Immersi come siamo in un presente smemorato e rimbecillito, le informazioni, le immagini, le impressioni che riceviamo, sono una successione di “cose” che niente differenzia o organizza. L’arte di Bianco e Valente tenta di attivare un processo vitale di discriminazione, di selezione “partecipata” sul reale. Una partecipazione molto lontana dalle pratiche degli artisti relazionali (Rirkrit Tiravanija, Philippe Parreno, Vanessa Beecroft, Maurizio Cattelan) teorizzate da Nicolas Bourriaud nel suo noto e invecchiato male Esthétique relationnelle, 2001). Il collage, lo zapping, il mixage non sono più delle semplici attività artistiche, ma sono la metafora della nostra percezione della vita. L’opera di BV non lavora sulla prossimità delle pratiche ma scava alla ricerca di un dialogo aperto con i luoghi e le storie, piccole o grandi narrazioni che attraversano e bucano il tempo. E’ dialettica, è un luogo in cui il passato incontra il presente, ma lo incontra come in sogno, come se fosse purificato dalla contingenza e si offrisse al semplice movimento del tempo. Un processo di spaesamento salutare che permette di guadagnare in lucidità e consapevolezza. Abbastanza esemplare in questa direzione appare Il Mare non bagna Napoli (installazione da realizzare alla Stazione Marittima di Napoli sotto forma di insegna luminosa). Un’opera strettamente legata all’arte intesa come dispositivo, come spazio di de/funzionalizzazione delle soggettività.
“L’uomo deve pur essere qualcosa” scrive Agamben “ma questo qualcosa non è un’essenza, non è nemmeno una cosa: è il semplice fatto della propria esistenza come possibilità o potenza”.

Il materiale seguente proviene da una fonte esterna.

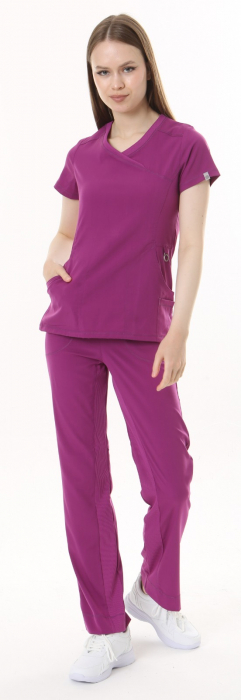 Costum medical Luxury - dama [4]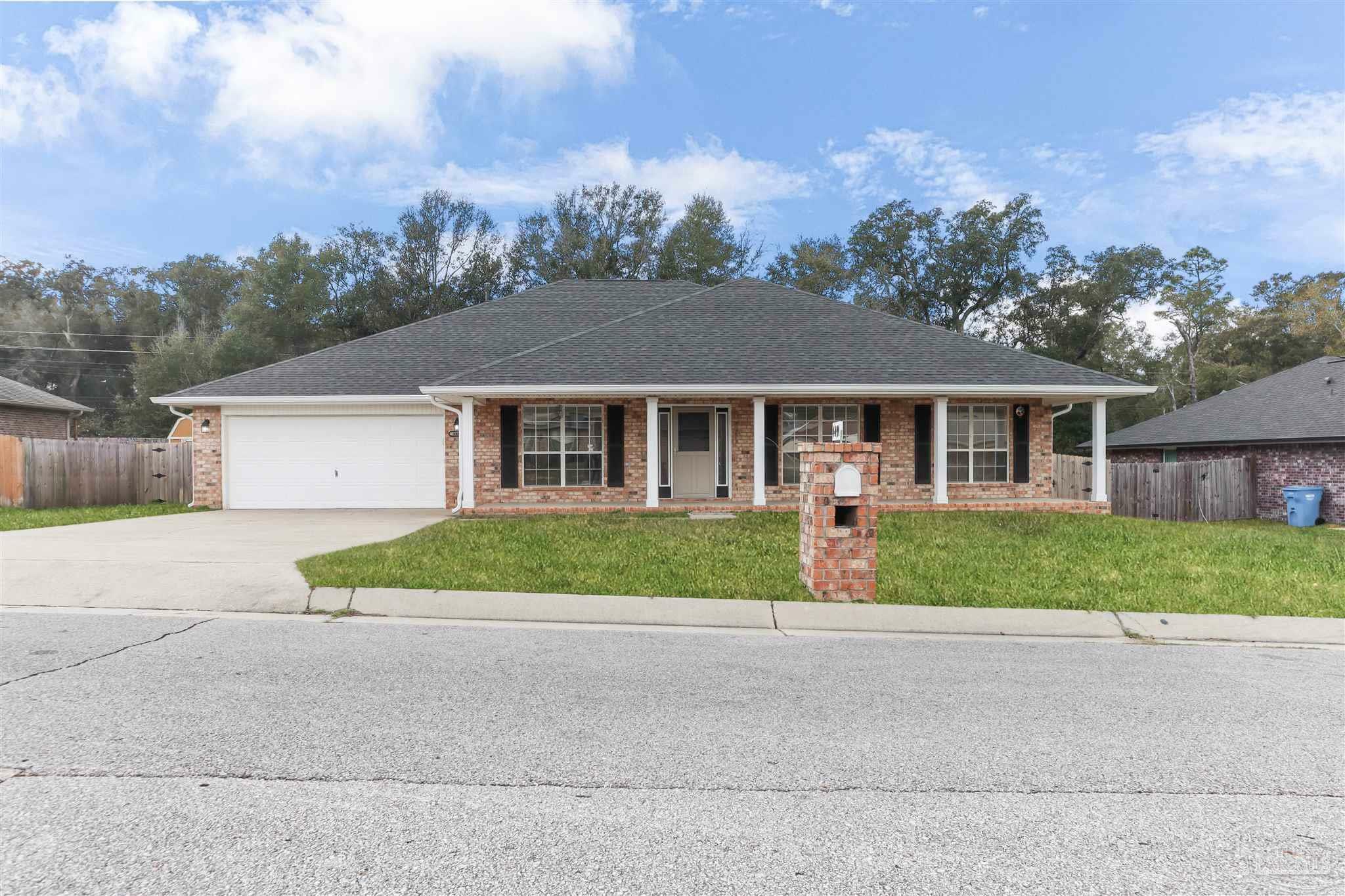4491 Fort Sumter Rd  Milton FL 32583 photo
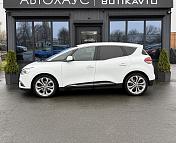 Renault Scenic IV , 2017 г., механика, дизель - фото 4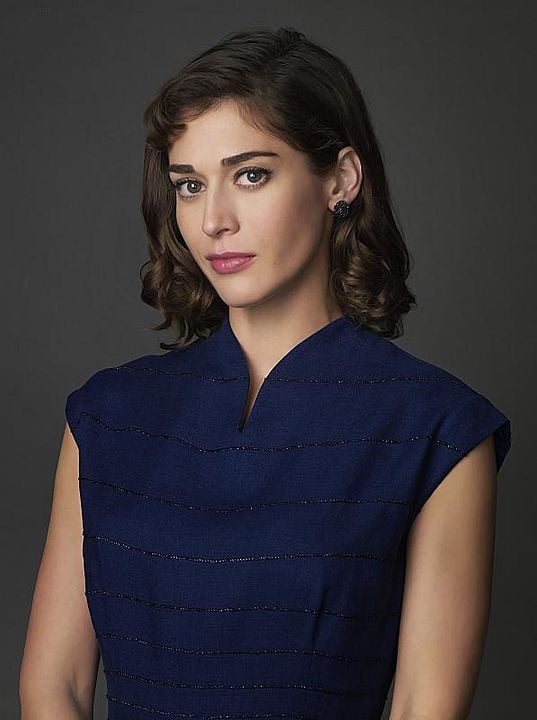 Fotos Lizzy Caplan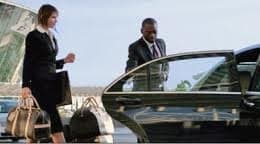 M and R Limousine, Inc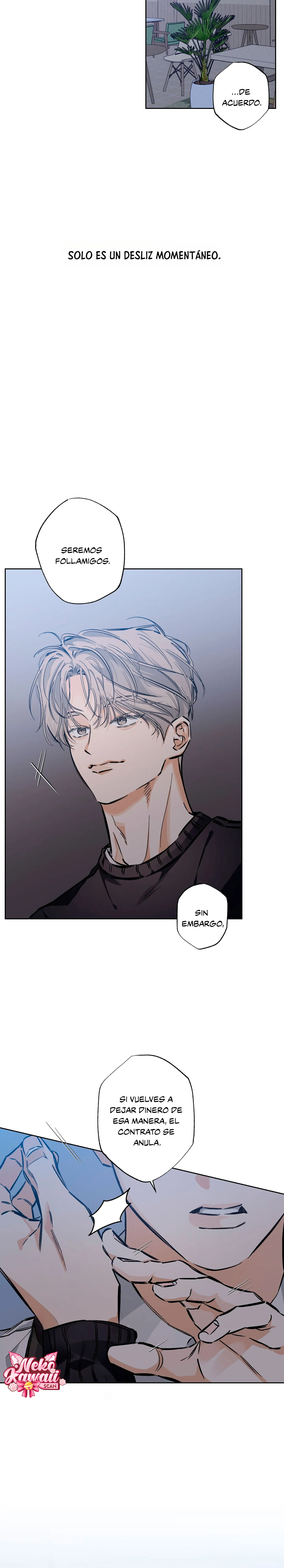 9 Detras del escenario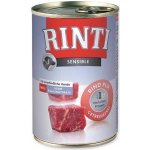 Rinti Singlefleisch čisté hovězí 12 x 400 g – Hledejceny.cz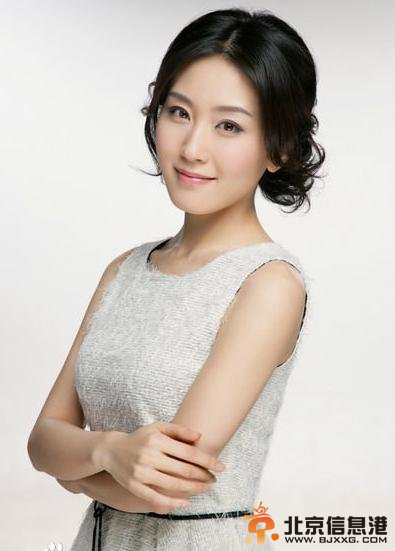 茧镇奇缘三太太扮演者周毅个人资料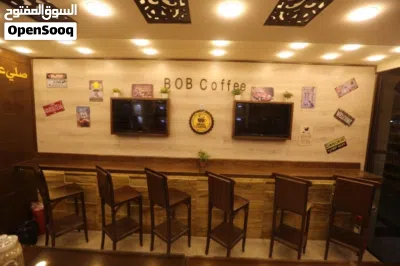 قهوه للبيع 4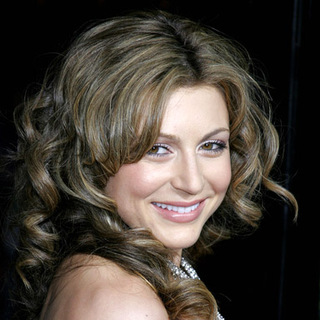 Cerina Vincent in The Reaping Los Angeles Premiere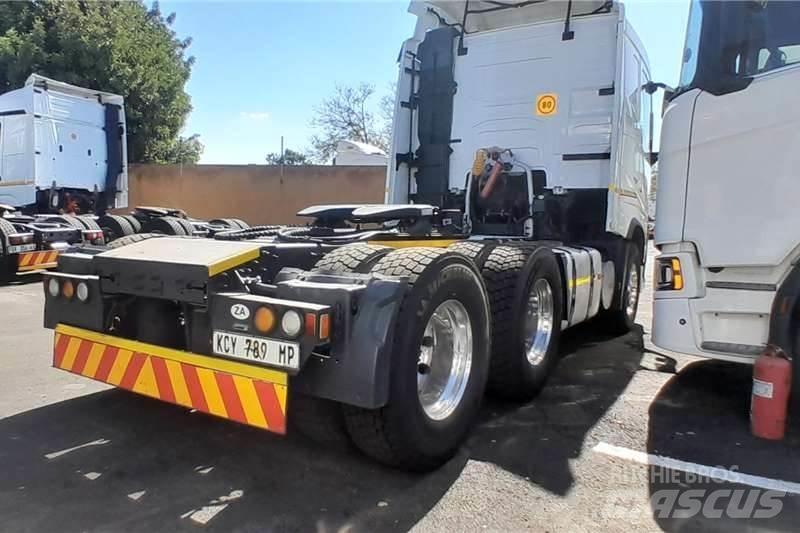 Volvo FH 440 Other trucks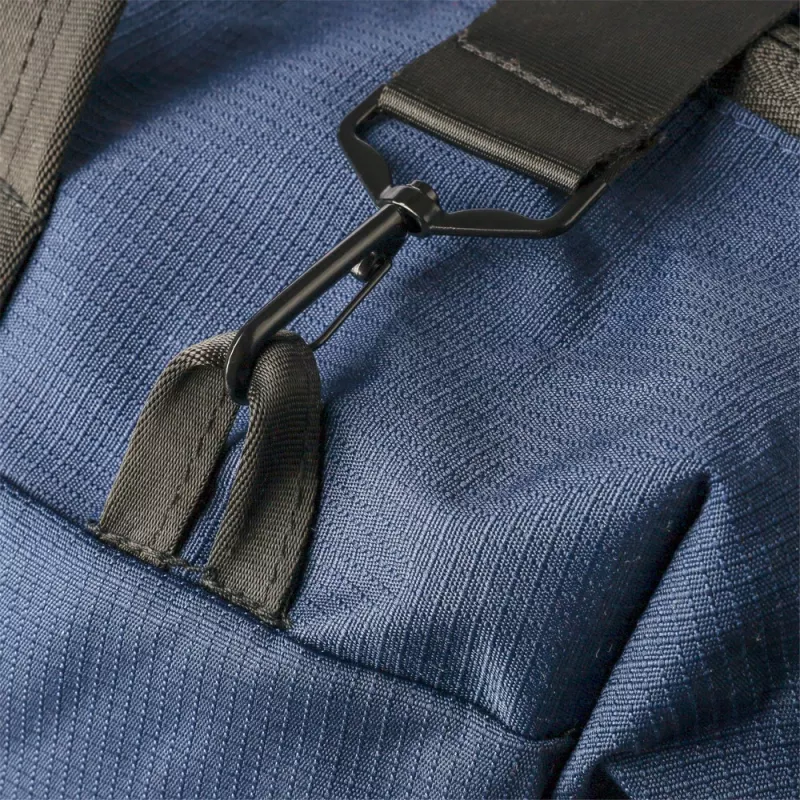 Torba sportowa, podróżna - niebieski (VB128-11)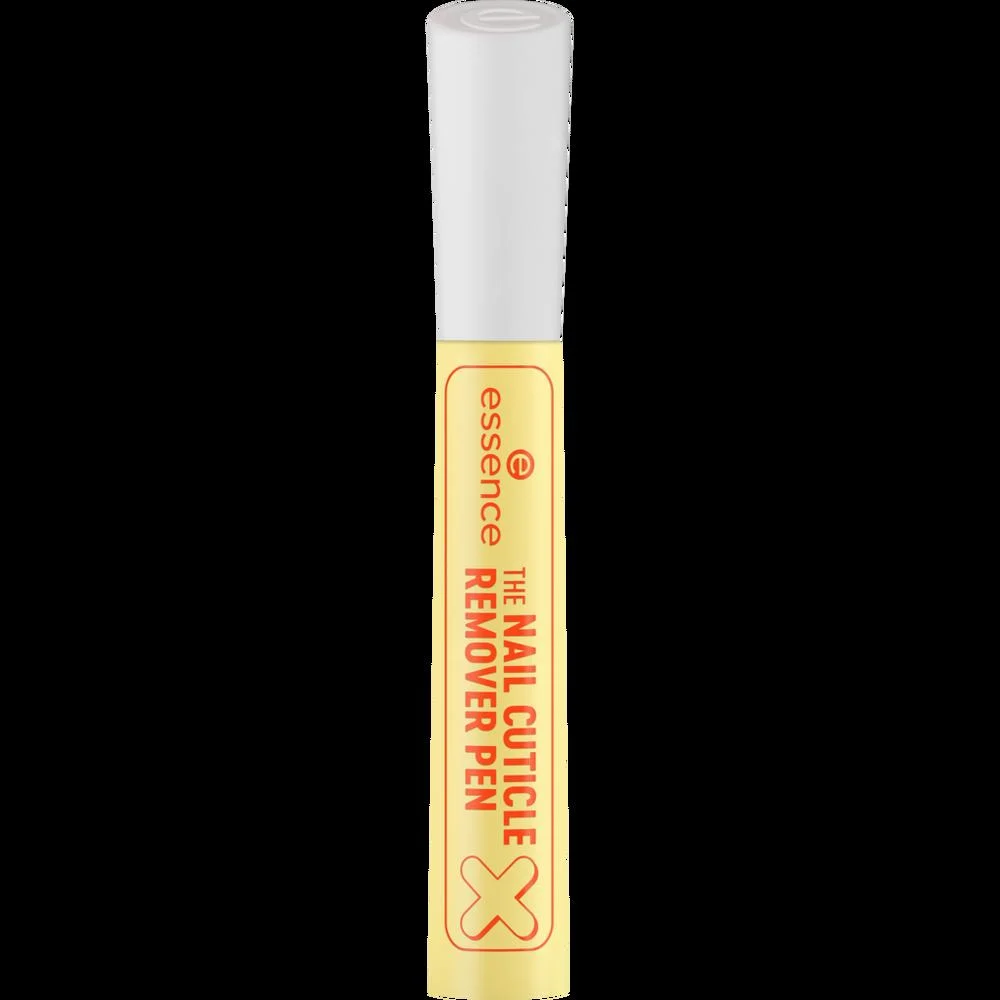 essence THE NAIL CUTICLE REMOVER PEN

Bianco-Valente, Complementare, 2010, Video, 2’40’’

Marco Petroni: Da Unità minima di senso (2002): un sottile nastro di carta di 1 km scritto e disegnato a due mani come un lungo stream of consciousness alla recente installazione a Marrakesh, la scrittura come ipotesi di indagine sui luoghi, sulle culture, un sismografo di impercettibili connessioni conoscitive?

Bianco-Valente
: La parola è il mezzo attraverso cui ogni essere umano tende a condividere con gli altri la propria storia, le proprie esperienze e le proprie visioni.
Con le parole siamo in grado di indurre sensazioni, immagini, benessere (o malessere) nelle altre persone, è quindi chiaro il loro essere un tramite energetico oltre che un semplice mezzo di comunicazione. Anche il loro potenziale magico e curativo è noto fin dall’antichità, infatti è sempre esistita una figura dedita a guarire le persone (a ristabilire il loro equilibrio psichico) utilizzando semplicemente le parole: dallo sciamano all’esorcista fino allo psicologo.


MP: La superficie del pianeta non conosce più terre sconosciute o incognite, le mappe non contengono più spazi bianchi, tutto è ormai stato esplorato. Eppure ci sono ancora luoghi e mappe da ricucire? Le vicende di Jacques Jacotot, rivoluzionario francese del XVIII costretto all’esilio dai Borboni ne il Maestro Ignorante di Jacques Ranciere, mi hanno fatto pensare alle vostre ricerche sui tessuti neuronali e sugli stati modificati di coscienza. Quanto c’è di politico nella vostra ricerca artistica?

BV
: Non molto.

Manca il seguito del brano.